There are many more examples, and perhaps better ones that I will add as I think of them, or hear them, but for now, I will conclude that, 1) genre studies and genre R&D need multi-cultural teams so that the level of attention to detail that is possible for Deep Psytrance vs. Gabber vs. New Romantic vs. New Wave will also be possible for ‘Bulgarian Rock’, ‘Hungarian Rock’, ‘Russian Pop’, and ‘Turkish Pop’. Sure, I’m glad someone in America even cares enough to put those on the map, but given the several hundred varieties of Electronica, Metal, and Hip Hop each, can we really believe there is only one variety of ‘Russian Pop’? (I know for a fact there are quite a few styles and genres within Turkish Pop.*****)

NOTES

* Yet, no matter how much detail each scholar, researcher, developer, or enthusiast goes into, it is likely to prove insufficient for the afficionado of that sub-sub-genre. The Echonest blog (at http://blog.echonest.com/post/52385283599/how-we-understand-music-genres) recently included the following comment: “. . . somebody, somewhere might care about (e.g. “gothic metal” vs. “symphonic metal” vs. “gothic symphonic metal”).” Yes, somebody right here not only does, finds those to be rather obvious and relevant distinctions, which are further complicated by Nightwish’s recent experiments combining symphonic, power, and folk metal.

** Why I use the term “northern” rather than “western” will be the topic of another post.

*** Yes, these are real genre names.

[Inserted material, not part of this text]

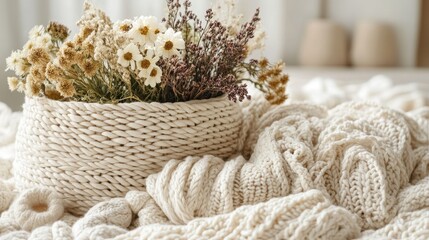 Still life of dried flowers in a woven basket, with a thick knit blanket. For blog posts on home decor, interior design, and cozy living themes.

To a connoisseur who lives Grindcore, Power Violence may sound completely different, while to an outsider neither would be distinguishable from the earliest ’80s Thrash.

****As Hip Hop matured, it became less and less common for the sentence and its rhythmic phrase to start and end together. This seems to be a result of the recognition that rhythm allows one to rhyme with any syllable in a word, not just the last syllable. So, an MC who wants to rhyme, for instance ‘crime’ with ‘time’ does not need each sentence to end with one of those words; s/he can rhyme ‘crime’ with ‘time’ in a sentence that might go “It was that time [break here] I went off to the east coast” where ‘time’, due to rhythmic phrasing, took care of the rhyme, and the rest of the sentence could still be uttered. In much old-school Hip Hop, the semantic phrases had to end at the same rhythmic stopping point.

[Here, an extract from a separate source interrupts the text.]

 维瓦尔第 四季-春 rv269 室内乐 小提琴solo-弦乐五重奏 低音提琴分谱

*****As for style versus genre, let me try a quick explanation. A guitarist can play the blues in a Be-Bop context, a Psych context, or a Funk context (to name a few), and an MC/toaster can rap on a Hip Hop song, a Reggaeton, a Rock or Metal song, or even in a piece of modern “classical” music. Similarly, a drummer can play funk, swing, or shuffle in a Jazz band, Rock band, Pop group, or an experimental combo. The elements these musicians bring in are styles (blues, rapping, funk, swing, shuffle), while the complete package of the musical experience will likely fall into a genre or subgenre, like Electro Swing, Funk Metal, Be-Bop, or Chorinho.